(Material provided)

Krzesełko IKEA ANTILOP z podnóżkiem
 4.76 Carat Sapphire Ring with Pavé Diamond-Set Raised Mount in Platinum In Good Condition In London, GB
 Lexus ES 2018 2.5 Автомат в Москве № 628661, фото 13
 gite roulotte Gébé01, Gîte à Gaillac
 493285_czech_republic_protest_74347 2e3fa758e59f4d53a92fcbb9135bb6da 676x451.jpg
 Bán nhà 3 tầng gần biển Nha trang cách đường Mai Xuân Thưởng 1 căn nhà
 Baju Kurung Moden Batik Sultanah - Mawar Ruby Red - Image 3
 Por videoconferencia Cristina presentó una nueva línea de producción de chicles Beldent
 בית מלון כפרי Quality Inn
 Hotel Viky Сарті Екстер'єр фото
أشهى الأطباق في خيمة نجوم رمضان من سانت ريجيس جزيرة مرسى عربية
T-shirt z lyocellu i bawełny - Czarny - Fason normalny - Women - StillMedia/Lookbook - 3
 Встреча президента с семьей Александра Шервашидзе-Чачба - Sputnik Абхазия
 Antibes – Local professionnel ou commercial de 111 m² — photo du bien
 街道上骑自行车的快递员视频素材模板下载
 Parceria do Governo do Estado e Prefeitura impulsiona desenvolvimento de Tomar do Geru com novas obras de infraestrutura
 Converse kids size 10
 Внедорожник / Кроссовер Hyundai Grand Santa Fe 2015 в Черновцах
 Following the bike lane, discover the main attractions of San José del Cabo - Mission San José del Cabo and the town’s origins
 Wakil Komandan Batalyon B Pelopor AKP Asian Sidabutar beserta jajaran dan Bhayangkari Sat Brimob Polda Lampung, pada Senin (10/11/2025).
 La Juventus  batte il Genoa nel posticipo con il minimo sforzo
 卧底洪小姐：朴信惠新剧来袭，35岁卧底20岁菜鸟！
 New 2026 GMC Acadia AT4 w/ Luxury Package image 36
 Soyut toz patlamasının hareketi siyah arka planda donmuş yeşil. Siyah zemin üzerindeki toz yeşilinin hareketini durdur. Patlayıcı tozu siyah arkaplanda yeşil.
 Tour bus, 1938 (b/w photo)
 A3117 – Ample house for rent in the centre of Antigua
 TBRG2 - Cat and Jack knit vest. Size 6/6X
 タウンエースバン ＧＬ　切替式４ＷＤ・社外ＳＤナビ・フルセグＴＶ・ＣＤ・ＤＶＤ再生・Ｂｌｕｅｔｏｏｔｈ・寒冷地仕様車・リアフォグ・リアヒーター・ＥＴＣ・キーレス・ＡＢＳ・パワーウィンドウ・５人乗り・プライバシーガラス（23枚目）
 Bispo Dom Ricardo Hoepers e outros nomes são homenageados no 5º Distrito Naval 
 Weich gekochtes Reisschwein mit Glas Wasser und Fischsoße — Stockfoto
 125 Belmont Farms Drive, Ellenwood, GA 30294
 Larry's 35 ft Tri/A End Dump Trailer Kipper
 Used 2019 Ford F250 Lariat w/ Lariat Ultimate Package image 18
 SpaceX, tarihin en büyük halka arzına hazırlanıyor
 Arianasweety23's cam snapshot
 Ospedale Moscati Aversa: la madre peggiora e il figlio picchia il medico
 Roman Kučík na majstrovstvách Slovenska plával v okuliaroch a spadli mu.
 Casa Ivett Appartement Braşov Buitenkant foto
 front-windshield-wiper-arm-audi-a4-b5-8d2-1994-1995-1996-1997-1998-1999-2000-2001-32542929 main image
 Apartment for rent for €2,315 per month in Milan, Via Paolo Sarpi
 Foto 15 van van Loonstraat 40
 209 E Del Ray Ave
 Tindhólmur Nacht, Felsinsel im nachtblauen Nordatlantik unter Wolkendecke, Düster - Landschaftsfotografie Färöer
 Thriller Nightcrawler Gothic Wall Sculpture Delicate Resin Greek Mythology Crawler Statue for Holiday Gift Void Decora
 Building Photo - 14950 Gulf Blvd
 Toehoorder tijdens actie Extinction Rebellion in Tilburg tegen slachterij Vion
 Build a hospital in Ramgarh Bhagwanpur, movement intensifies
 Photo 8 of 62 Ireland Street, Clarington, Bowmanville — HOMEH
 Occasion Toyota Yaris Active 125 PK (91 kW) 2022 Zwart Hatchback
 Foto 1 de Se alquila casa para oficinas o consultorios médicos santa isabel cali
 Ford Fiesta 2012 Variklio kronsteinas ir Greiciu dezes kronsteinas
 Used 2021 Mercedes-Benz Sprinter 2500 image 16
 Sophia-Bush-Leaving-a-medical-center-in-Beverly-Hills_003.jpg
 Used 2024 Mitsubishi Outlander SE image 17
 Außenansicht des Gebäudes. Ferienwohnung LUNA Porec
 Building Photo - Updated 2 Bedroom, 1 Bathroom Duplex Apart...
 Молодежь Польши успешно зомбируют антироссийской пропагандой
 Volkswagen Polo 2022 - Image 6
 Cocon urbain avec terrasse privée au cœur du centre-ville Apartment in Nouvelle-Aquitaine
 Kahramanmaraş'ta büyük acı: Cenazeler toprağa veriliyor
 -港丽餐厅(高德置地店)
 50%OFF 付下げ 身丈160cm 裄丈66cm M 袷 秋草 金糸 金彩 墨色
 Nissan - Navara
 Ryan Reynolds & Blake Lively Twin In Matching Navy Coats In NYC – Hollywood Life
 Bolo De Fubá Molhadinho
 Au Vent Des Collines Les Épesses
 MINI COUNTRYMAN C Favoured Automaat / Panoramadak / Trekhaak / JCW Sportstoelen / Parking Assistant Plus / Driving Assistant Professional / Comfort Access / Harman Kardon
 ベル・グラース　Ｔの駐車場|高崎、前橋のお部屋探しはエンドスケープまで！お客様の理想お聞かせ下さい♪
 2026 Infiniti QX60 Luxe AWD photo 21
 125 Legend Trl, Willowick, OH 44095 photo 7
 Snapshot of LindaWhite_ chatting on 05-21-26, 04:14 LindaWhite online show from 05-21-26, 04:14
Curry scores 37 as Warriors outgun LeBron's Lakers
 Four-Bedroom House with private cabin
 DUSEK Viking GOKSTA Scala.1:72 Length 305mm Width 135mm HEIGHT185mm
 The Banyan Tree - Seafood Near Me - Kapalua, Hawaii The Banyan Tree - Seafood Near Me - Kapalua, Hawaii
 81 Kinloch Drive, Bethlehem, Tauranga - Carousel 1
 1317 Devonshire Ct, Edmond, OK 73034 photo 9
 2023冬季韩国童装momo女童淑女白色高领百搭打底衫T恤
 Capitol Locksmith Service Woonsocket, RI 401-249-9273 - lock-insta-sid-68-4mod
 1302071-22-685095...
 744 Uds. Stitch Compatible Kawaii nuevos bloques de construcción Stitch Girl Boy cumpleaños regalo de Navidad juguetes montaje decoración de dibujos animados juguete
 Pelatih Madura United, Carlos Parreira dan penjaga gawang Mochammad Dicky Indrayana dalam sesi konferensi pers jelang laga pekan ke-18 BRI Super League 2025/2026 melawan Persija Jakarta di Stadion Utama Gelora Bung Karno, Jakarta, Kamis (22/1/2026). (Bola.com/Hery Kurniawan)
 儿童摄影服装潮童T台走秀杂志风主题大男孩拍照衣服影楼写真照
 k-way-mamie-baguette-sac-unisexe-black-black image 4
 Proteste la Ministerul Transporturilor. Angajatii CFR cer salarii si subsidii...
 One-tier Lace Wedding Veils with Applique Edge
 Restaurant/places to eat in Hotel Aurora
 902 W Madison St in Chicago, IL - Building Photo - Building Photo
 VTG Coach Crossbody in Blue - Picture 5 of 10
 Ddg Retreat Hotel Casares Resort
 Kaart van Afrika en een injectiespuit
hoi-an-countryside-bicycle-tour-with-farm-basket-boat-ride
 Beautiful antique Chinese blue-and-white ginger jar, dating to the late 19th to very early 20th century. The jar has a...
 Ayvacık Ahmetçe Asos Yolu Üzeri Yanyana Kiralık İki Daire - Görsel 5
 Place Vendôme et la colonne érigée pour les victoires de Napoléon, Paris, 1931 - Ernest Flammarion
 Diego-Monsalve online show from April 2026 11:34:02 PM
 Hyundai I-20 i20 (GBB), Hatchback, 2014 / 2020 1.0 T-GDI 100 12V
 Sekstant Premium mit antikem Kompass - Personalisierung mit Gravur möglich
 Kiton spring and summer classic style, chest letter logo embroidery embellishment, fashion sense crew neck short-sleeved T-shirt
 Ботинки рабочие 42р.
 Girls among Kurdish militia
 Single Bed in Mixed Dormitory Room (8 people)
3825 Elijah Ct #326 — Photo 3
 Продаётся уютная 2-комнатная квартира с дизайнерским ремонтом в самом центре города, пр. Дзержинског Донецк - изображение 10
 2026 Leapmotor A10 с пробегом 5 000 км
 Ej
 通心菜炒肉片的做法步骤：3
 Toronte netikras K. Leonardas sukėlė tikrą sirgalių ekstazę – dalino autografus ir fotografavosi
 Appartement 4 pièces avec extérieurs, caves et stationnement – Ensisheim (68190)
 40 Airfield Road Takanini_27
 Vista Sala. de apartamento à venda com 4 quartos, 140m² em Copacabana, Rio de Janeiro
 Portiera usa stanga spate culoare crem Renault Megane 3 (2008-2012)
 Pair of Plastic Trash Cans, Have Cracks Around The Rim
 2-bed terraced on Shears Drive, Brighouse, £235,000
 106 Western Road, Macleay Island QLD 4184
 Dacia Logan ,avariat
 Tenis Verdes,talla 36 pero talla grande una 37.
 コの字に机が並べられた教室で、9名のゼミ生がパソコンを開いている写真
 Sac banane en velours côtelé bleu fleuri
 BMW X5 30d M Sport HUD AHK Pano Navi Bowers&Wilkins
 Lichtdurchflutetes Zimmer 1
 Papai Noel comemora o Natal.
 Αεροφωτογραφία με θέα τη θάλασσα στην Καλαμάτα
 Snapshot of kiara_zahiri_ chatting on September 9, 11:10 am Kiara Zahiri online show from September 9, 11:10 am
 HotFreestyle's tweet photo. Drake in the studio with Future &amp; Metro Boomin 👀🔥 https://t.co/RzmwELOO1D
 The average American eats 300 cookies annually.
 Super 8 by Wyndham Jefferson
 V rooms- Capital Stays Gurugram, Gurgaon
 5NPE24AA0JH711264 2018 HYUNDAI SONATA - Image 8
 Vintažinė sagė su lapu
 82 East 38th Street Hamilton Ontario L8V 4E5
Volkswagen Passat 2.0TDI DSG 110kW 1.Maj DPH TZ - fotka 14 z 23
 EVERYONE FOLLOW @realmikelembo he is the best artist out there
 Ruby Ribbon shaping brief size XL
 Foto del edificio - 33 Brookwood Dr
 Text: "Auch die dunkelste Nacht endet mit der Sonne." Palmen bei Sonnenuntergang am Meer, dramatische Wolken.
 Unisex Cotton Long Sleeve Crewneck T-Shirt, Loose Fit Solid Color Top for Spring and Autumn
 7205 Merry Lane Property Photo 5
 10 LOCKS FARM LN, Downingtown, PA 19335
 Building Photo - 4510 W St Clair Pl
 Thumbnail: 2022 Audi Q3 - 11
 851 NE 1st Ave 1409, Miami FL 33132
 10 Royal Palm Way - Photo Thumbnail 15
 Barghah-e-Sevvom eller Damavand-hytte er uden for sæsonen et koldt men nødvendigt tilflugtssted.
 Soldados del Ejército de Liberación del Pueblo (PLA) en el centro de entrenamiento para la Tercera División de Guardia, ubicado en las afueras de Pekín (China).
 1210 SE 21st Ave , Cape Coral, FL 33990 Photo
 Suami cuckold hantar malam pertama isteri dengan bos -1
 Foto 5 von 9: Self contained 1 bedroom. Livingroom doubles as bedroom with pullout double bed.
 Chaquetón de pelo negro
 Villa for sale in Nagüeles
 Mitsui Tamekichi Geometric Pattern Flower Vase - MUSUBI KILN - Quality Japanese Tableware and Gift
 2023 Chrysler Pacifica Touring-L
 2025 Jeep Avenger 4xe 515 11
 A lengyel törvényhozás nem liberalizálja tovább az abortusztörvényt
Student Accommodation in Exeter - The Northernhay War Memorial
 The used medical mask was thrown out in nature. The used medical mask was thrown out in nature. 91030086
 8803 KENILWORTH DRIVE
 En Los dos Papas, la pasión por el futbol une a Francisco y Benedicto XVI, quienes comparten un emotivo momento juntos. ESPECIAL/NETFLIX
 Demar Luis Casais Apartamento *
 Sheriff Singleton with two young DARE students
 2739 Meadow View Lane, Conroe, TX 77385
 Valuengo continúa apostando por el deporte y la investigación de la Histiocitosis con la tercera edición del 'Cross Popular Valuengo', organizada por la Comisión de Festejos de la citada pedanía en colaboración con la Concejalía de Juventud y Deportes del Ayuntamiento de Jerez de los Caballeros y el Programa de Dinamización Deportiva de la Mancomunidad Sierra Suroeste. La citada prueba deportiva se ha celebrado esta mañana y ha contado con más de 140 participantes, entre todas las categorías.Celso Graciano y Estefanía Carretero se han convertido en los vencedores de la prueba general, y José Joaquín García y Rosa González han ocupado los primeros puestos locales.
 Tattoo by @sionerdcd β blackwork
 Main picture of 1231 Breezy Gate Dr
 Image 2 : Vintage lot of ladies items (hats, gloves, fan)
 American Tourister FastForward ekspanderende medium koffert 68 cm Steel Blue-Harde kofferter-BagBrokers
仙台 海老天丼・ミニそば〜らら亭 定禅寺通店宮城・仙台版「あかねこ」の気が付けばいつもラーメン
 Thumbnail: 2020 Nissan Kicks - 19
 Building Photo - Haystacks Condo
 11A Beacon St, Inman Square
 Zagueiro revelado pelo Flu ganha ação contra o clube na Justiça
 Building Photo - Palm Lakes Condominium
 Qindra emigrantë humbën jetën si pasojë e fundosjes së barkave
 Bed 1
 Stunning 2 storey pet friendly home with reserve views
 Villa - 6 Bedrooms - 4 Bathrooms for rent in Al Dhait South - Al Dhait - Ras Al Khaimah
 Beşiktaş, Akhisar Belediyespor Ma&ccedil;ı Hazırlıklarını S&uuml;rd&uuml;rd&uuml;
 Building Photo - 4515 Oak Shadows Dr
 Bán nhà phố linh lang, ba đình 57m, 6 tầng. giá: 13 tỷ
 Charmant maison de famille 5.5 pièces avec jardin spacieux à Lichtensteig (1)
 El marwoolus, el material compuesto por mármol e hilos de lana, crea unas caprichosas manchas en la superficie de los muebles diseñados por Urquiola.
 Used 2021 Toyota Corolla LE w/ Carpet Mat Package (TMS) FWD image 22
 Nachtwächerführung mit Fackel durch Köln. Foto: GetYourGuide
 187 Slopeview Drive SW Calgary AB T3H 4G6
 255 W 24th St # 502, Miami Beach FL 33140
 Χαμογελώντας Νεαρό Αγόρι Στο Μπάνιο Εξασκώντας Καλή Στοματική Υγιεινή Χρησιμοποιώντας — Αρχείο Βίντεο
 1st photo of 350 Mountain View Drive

(End Material provided)

■ Problem details ■
For every line above that holds the word "Street", report the whole line.

■ Reply ■
 Photo 8 of 62 Ireland Street, Clarington, Bowmanville — HOMEH
 82 East 38th Street Hamilton Ontario L8V 4E5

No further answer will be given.